Warmth floods my chest. With trembling hands, I reach up to grasp the sides of his neck, squeezing my eyes shut for a moment to clear the tears from my vision.

“You are all the good parts of every day and every situation, Elijah Elliott. I’ve never felt anything beyond platonic love before, but I absolutely experience more with you.

” I exhale a shaky breath, relief washing over me as I admit my feelings aloud, even as I work them out myself.

I just need to be in remission before I give this final piece of my heart to him. I care about him, love him, even—God, I’m certain I bloody love him.
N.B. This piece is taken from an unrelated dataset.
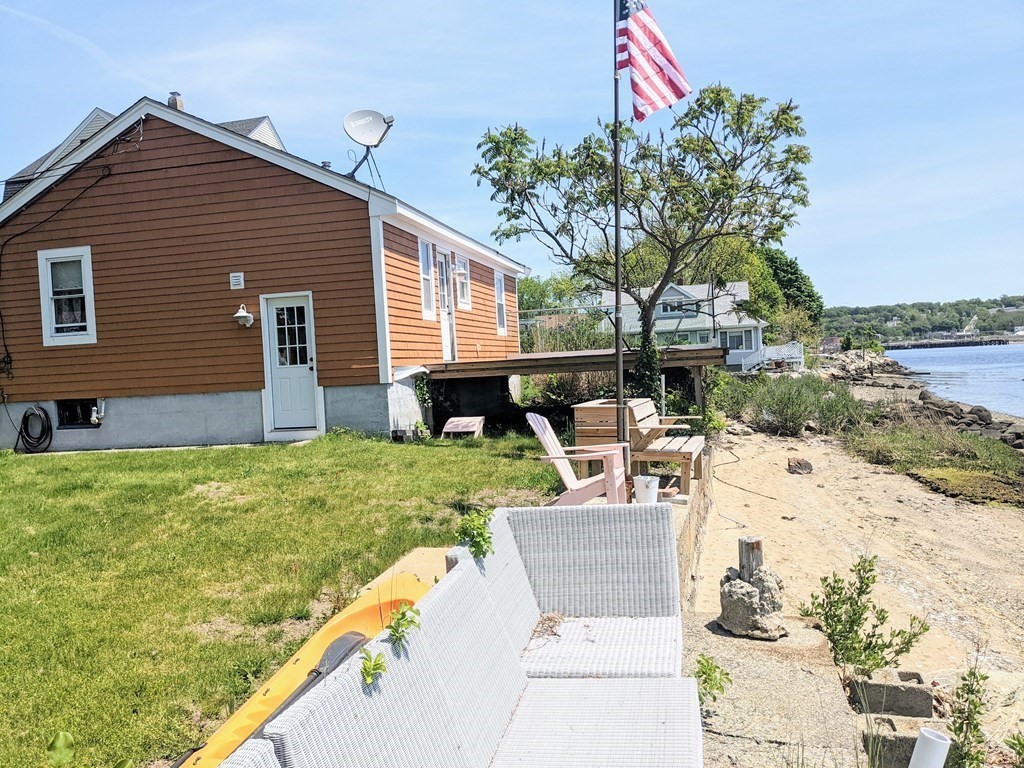 1516 Riverside Avenue Somerset, MA 02726 - Photo 6 of 22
But I can’t promise him a future if I don’t have one to offer.

“I just need some time to sort out what kind of future I can even give you.”
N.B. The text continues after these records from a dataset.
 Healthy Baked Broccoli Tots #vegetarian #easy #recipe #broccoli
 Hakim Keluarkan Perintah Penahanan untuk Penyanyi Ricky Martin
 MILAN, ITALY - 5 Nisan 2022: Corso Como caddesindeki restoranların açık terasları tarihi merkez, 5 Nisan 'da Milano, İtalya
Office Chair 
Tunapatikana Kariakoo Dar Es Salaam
His eyes expand, searching my face for any hint of a lie, and when he finds none, seeing sincerity reflected in my gaze, he releases a heavy breath.

“Thank you,” he whispers, his rough voice thick with emotion. “I’ll wait as long as you need me to, Adhira.” A small smile curves his lips, lighting me up from the inside. “And Adhira?”

“Yes?”

The pad of his thumb is a featherlight caress over my lower lip as he whispers, “I love you, sweetheart.”
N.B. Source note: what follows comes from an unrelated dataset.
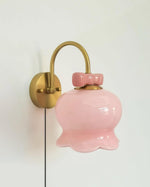Bild in Gallery-Viewer laden, Bow-Topped Glass Bell Plug-In Wall Sconce product view 19
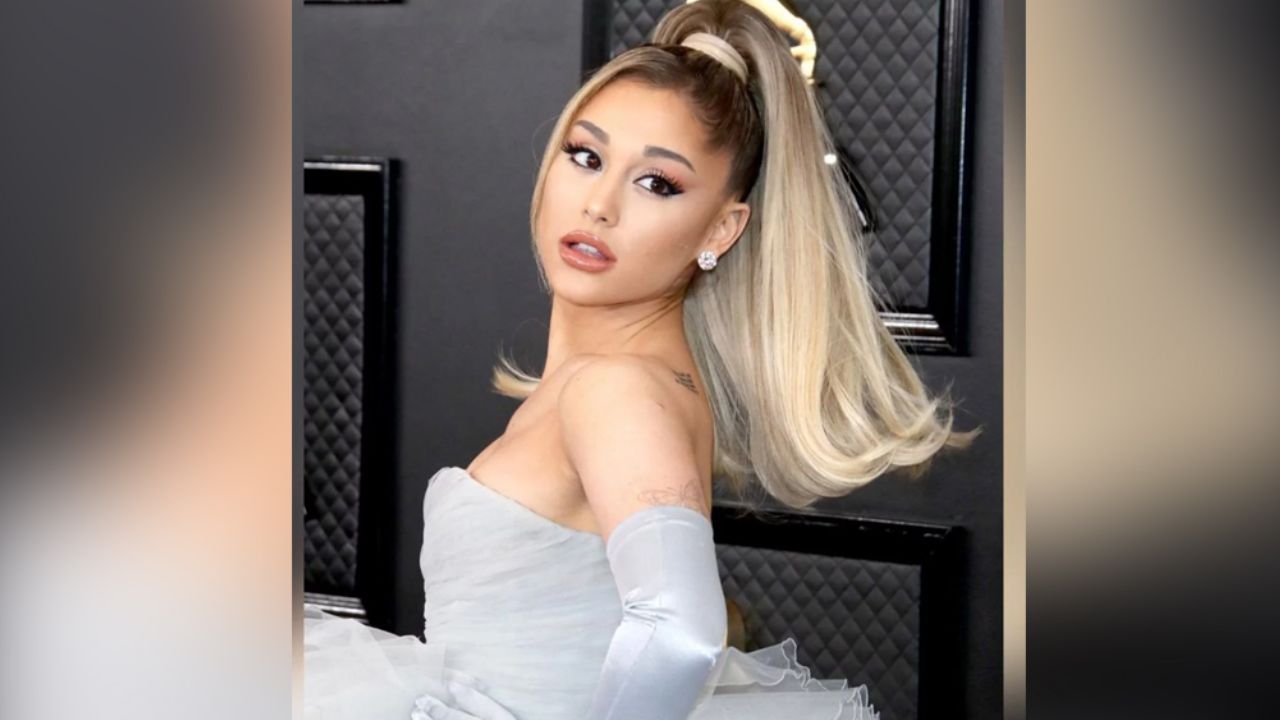 Ariana Grande es captada en íntimo momento con misterioso hombre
My heart stutters, and emotion strangles me as he stares into my eyes.

“Thank you,” I murmur back. I hadn’t known how badly I’d needed that confirmation until he’d said it—needed to know he’d wait for me to be ready, and that he loves me enough to say it without knowing if I ever will.

It sounds simple enough, but with a future I can’t guarantee him and a lifetime spent sending me curveballs, he is my constant.

I move my leg over his hip, unintentionally pressing his rigid length to my core. Heat ripples through my centre.

His expression smooths, a dimple deepening in his cheek, and he must read the shift in my expression because he says, “Now—” He smirks. “Can we talk about the sex?”

A laugh bursts from my lips. I reach around and pinch his arse, which only widens his smile. “Ah yes, the sex.”

His expression sobers, but he remains relaxed, muscles loose, and his jaw no longer locked the way it had been when we first met.

“As you’re well aware, I’m a virgin. I always assumed that was down to a lack of time, but the more I’ve fallen for you, the more I’ve realised I am one horny bastard for you.

” My chest shakes with laughter. “I think if I’d been even half as horny in my early twenties as I am around you, I’d have found the time. I think it’s just you.”

I love that we're always on the same wavelength.

“I can confidently say the same. I’ve had sex a few times with people I had no emotional connection with, and it sucked. But your hand slips between my thighs while we’re sleeping, and I wake up drenched.”

His eyes spark at that, a mischievous grin twisting his lips. He trails his hand down my spine, over my hip, and dips the tips of his fingers beneath the hem of the shirt that's ridden up.

“Can I find out? For research purposes, of course,” he rasps.

“Of course.” My smirk grows as he nudges his fingers lower, my arousal coating them.

His head falls back, a pained look crossing his face as a groan flies past his lips. “I really shouldn’t have done that,” he whispers. “Now that I know, it’s going to be so bloody difficult to think straight while we have this conversation.”

“I think the talking part is just about over,” I murmur, pressing his hand more firmly against my centre. “We can take everything as slow as either of us needs, checking in frequently and communicating what we like and what we don’t.”

A worry I haven’t voiced rises to the surface, and suddenly I feel very exposed.

“You’re biting your lip. What’s going on?”

My gaze flicks to his. “What if I don’t enjoy sex, even with you, and I can’t pleasure you the way you need?”

He shakes his head.

“Sweetheart, I’ve been thriving for years with nothing but my hand, deliciously good books, and my imagination. I’d rather have any pieces of yourself you’re willing to give me than sex with anyone else. I just need you. Only ever you.”

My heart settles, the sincerity of his words vibrating through me. “Do you wanna try now?”

His eyes widen. “Your parents are here…”

“Then you’d better be quiet, princess,” I whisper, my lip quirking in a taunting smirk.